Greetings from behind a cup of coffee. Not just any coffee. Coconut vanilla flavored coffee with a splash of milk and a bit of foam on top. Indulgent, a bit sweet, and rather pretty in the clear glass cafe mug. It’s sitting on the slate coaster between my monitor and me as I write this. There’s a good reason for that.
It’s my writer bribe for today.
I’ve just spent the last hour revising a flash piece whose characters I love. We writers should love our characters, right? Which should motivate us to leap to the keyboard and pick through their laundry and breakfast dishes and unread emails to find the torn sleeve and the half-eaten bran muffin and the message from their college sweetheart they haven’t spoken to in decades that will help us shape the next draft.
Except sometimes it can feel like doing chores. And no one likes doing chores.
So we—and here, by we I mean me—bribe our writers to sit and work.
It’s not the only way I get myself motivated to work. I’ve found the Pomodoro technique helpful. (Fitfully napping babies are, I’ve decided, sweet little Pomodoro timers.) And I certainly don’t use motivational tools every time I write—I don’t find that I need anything besides the allure of exploring new ground for writing first drafts. But I have found a fluffy coffee or some chocolate now and again that I’ll only allow myself to have if I am actively writing to be the enticement to get myself in front of my computer to work.
I’ve always been drawn to E. L. Doctorow’s explanation of novel drafting: “it’s like driving a car at night: you never see further than your headlights, but you can make the whole trip that way.” When you’re going through unknown territory, there’s something exciting about seeing the way the trees change as you drive further north, for example, clusters of pines giving way to solitary elms. But when you’re driving through familiar territory, making that fourth or fifth pass through the book, when the characters argue in the back seat the whole way and it’s raining and they’ve closed your exit from the highway and the windshield wipers suddenly start squawking, what then?
You get yourself a coffee for the trip. A fancy one with foam and chocolate.
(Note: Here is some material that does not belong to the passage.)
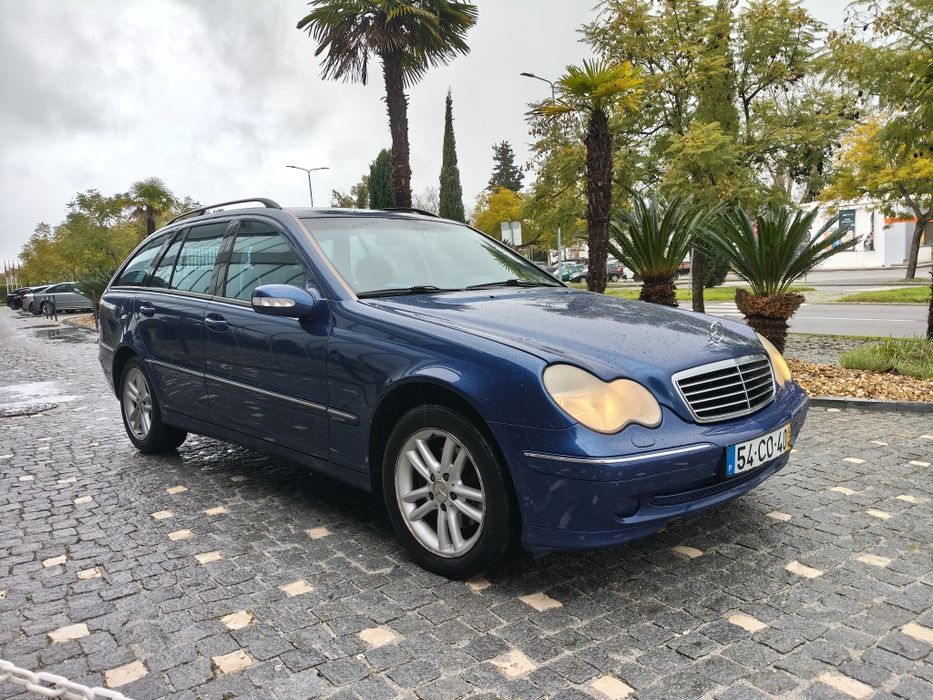 Mercedes c220 caixa automática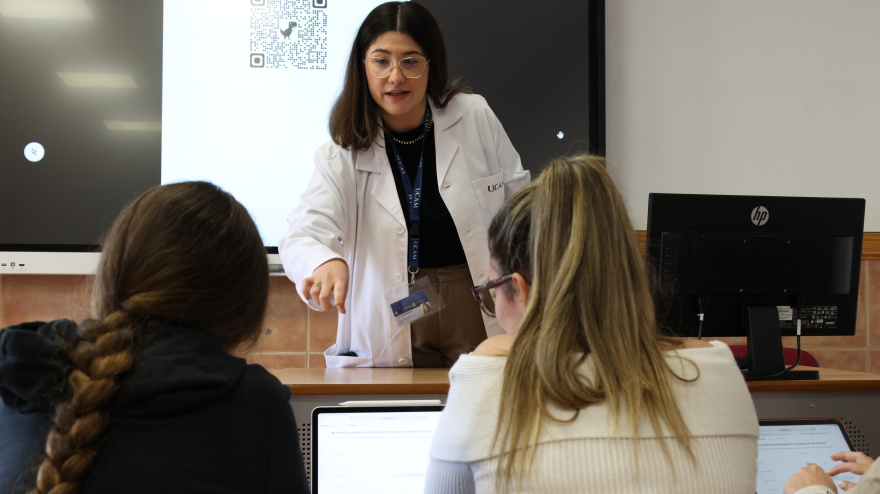María Abellaneda, nueva doctora de la UCAM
A big one.
As 2015 comes to an end and the new year begins, I’ve been thinking about how my at times indulgent writer bribes fit into my goals for 2016. Much of my to do list involves revision: a YA SF novel that’s been sitting around since I drafted it in 2012 (ack!); a novella that I just finished the first draft of a week ago; several stories and poems that I’ve made one, two, five passes through and that still need considerable work. In other words, I should stock up on the hazelnut coffee and get the big bag of the dark chocolate squares.
Often, I’ll read the acknowledgments sections in books, looking for insights into where and when the book was written and who the author thanks for their support in completing the work. What I’d love to see, maybe just once, is a count of how many lattes or ounces of chocolate or cups of tea the author partook in to see the project through to completion. Really, isn’t this just another measure of how much work it took to get that copy of the book into the readers’ hands?
So, what about you? What are your most effective writer bribes? And when do you need them most?